*Data supplied:*
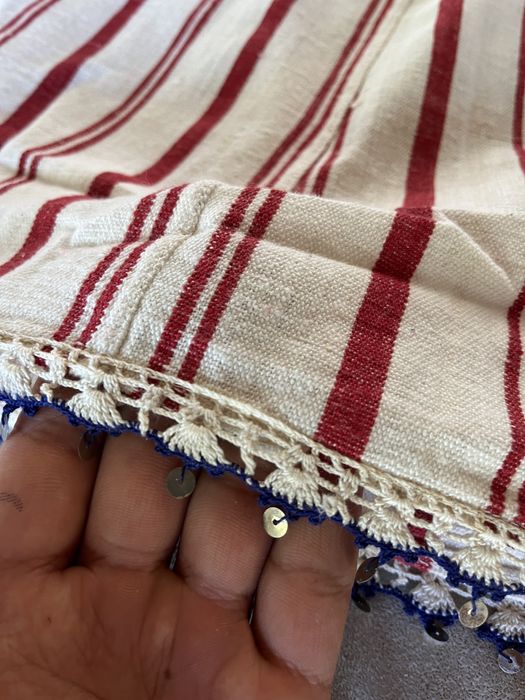 стари платна , и дрехи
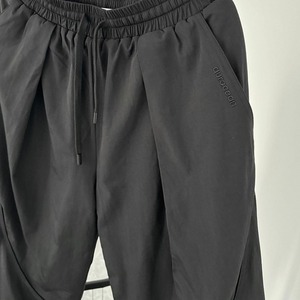 裏起毛グレービックシルエットパンツ　1097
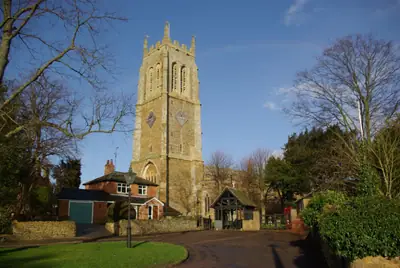 Your Private Cotswolds Castle이 있는 마을의 상징인 로어 브레일스의 성 조지 교회. 휴가 숙소 자체의 무료 사진은 없습니다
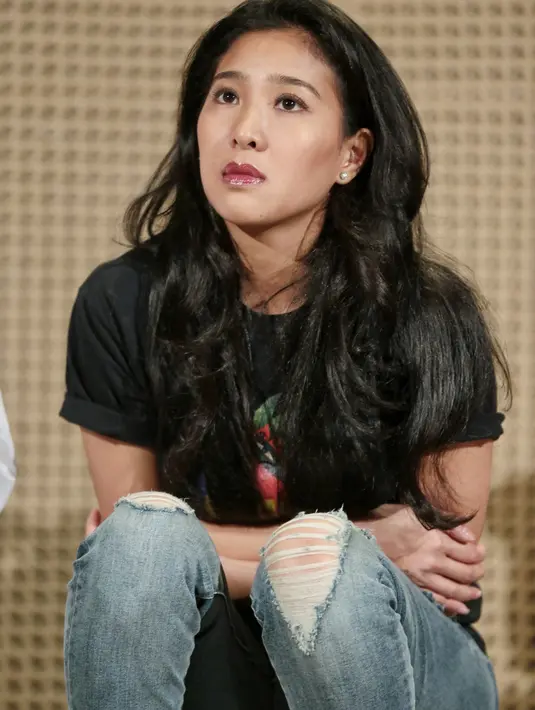 Menjadi bagian di pagelaran Manusia Istana, Oivia butuh penjiwaan yang kuat saat menyampaikan bait-bait puisi karya Radhar Panca tersebut. Ia pun mengakui banyak disemprot Radhar, si pemilik puisi. (Adrian Putra/Bintang.com)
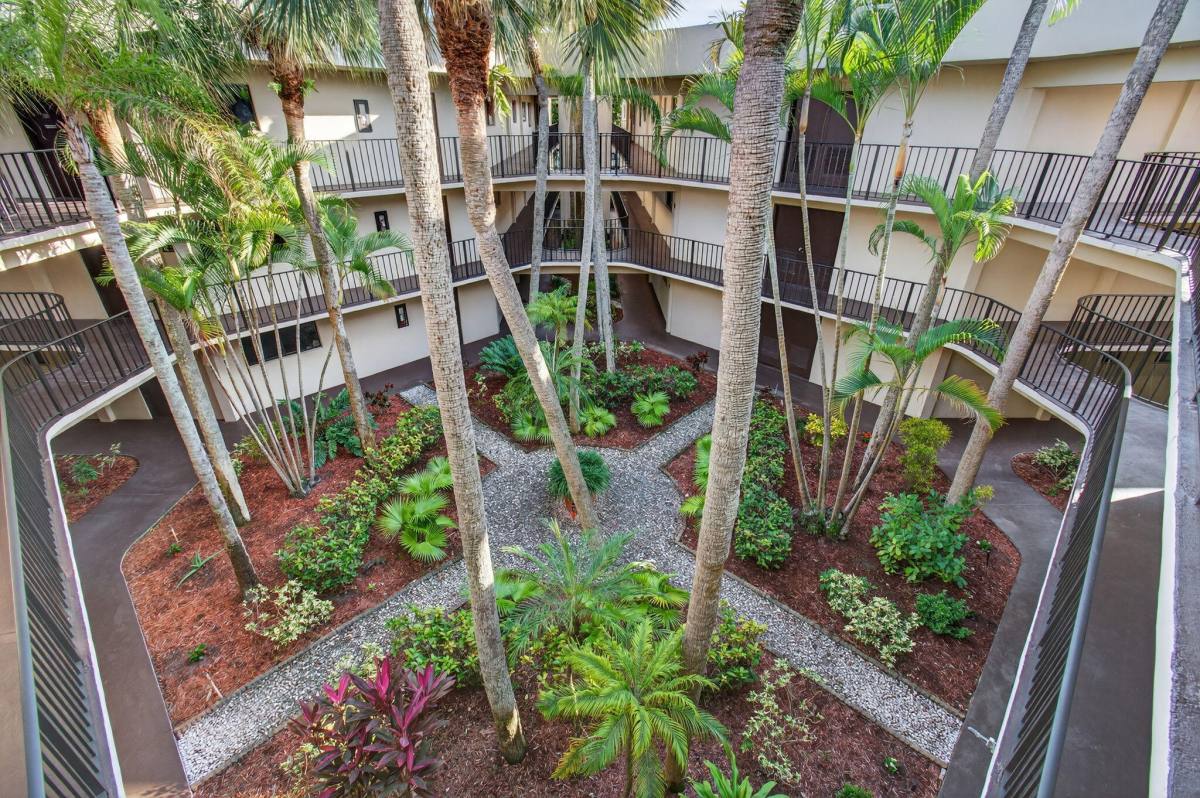 Condo for rent at 5220 Las Verdes Circle #322, Delray Beach, FL 33484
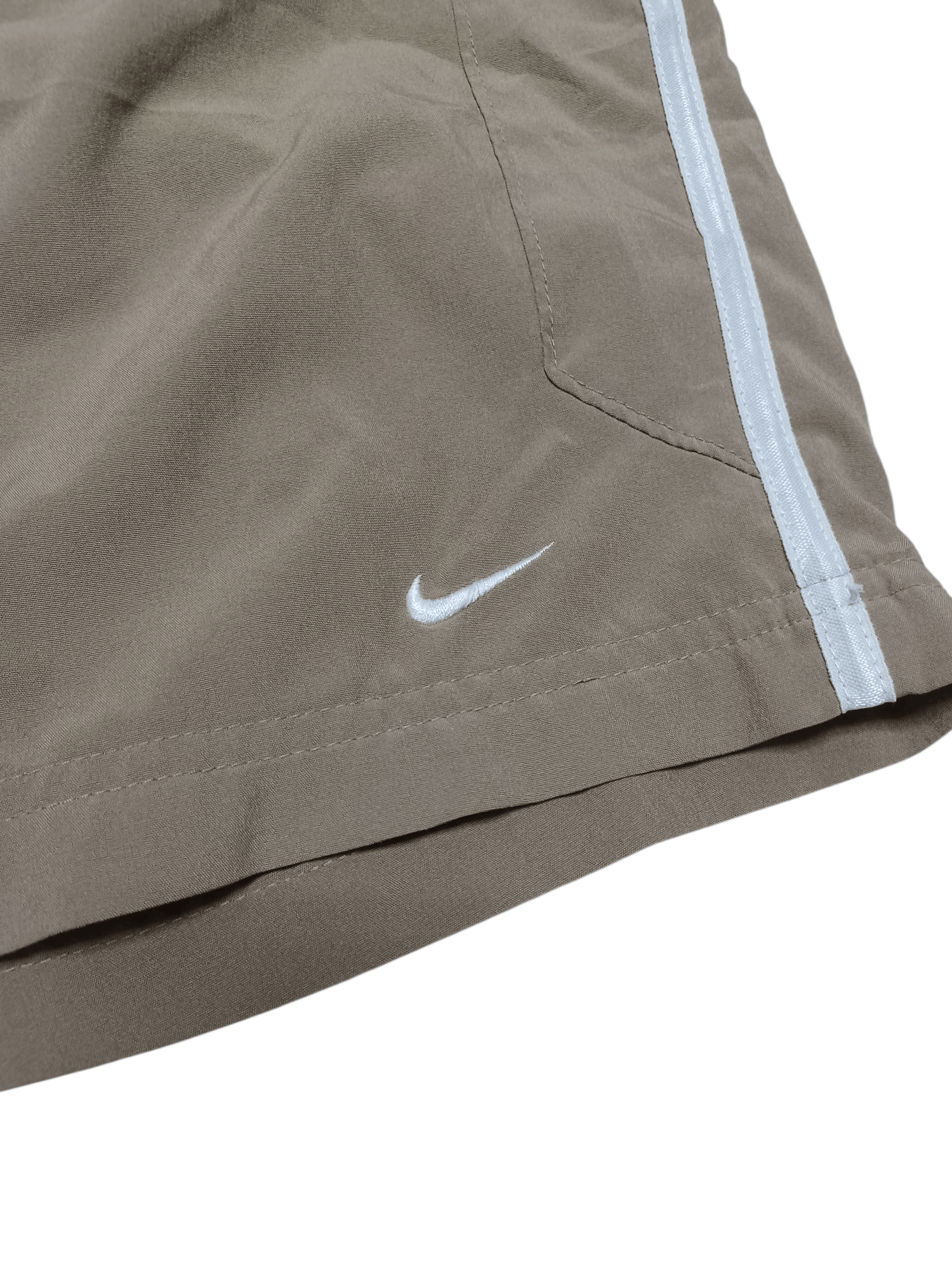 Nike NIKE COURT VINTAGE 2005 NYLON FIRE SHORTS TENNIS Size US 34 / EU 50 - 2 Thumbnail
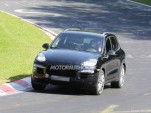 2015 Porsche Cayenne facelift spy shots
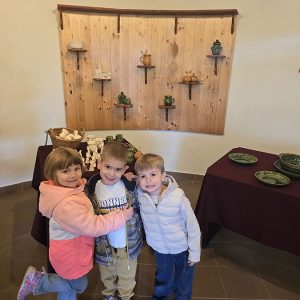 VEŠTE RUKE KOJE STVARAJU ČUDA (63)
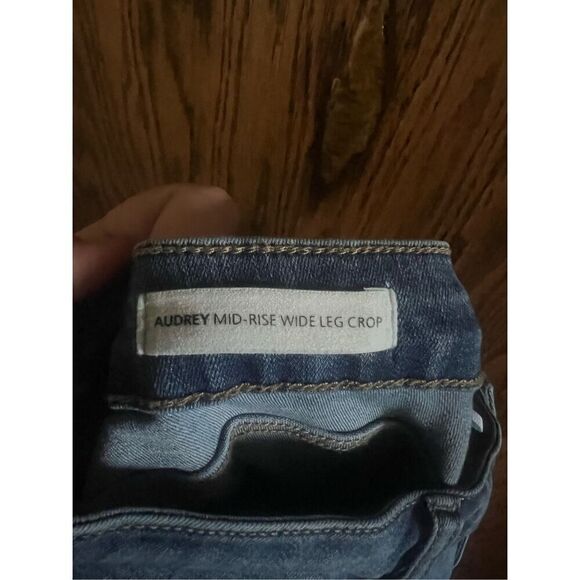 Tribal Jeans Audrey Mid-Rise Wide Leg Crop Jeans With Embroidery Woman’s Size 16 - Picture 13 of 15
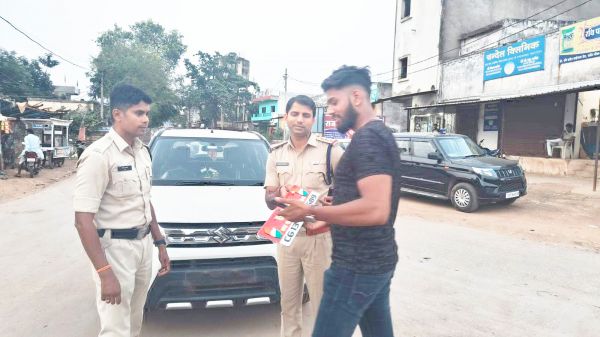 पदनाम वाले नंबर प्लेट उतरवाए गये, आमजन के भी अमानक नंबर प्लेट पर हुई कार्रवाई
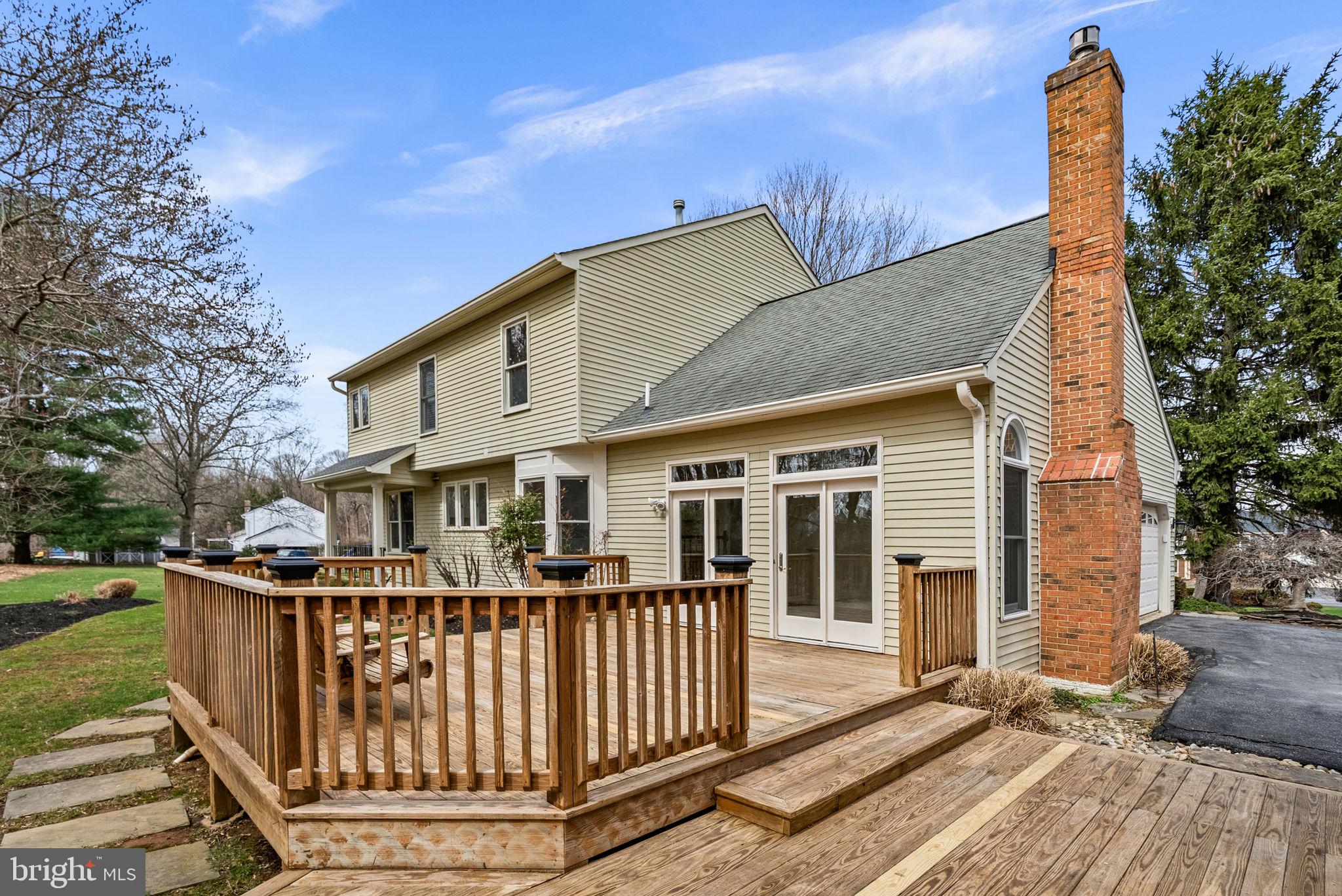 ROLLING KNOLLS - Residential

*What the exercise asks:* Give an exact copy of the data, and omit any pictures it holds.

*Exercise response:*
 стари платна , и дрехи
 裏起毛グレービックシルエットパンツ　1097
 Your Private Cotswolds Castle이 있는 마을의 상징인 로어 브레일스의 성 조지 교회. 휴가 숙소 자체의 무료 사진은 없습니다
 Menjadi bagian di pagelaran Manusia Istana, Oivia butuh penjiwaan yang kuat saat menyampaikan bait-bait puisi karya Radhar Panca tersebut. Ia pun mengakui banyak disemprot Radhar, si pemilik puisi. (Adrian Putra/Bintang.com)
 Condo for rent at 5220 Las Verdes Circle #322, Delray Beach, FL 33484
 Nike NIKE COURT VINTAGE 2005 NYLON FIRE SHORTS TENNIS Size US 34 / EU 50 - 2 Thumbnail
 2015 Porsche Cayenne facelift spy shots
 VEŠTE RUKE KOJE STVARAJU ČUDA (63)
 Tribal Jeans Audrey Mid-Rise Wide Leg Crop Jeans With Embroidery Woman’s Size 16 - Picture 13 of 15
 पदनाम वाले नंबर प्लेट उतरवाए गये, आमजन के भी अमानक नंबर प्लेट पर हुई कार्रवाई
 ROLLING KNOLLS - Residential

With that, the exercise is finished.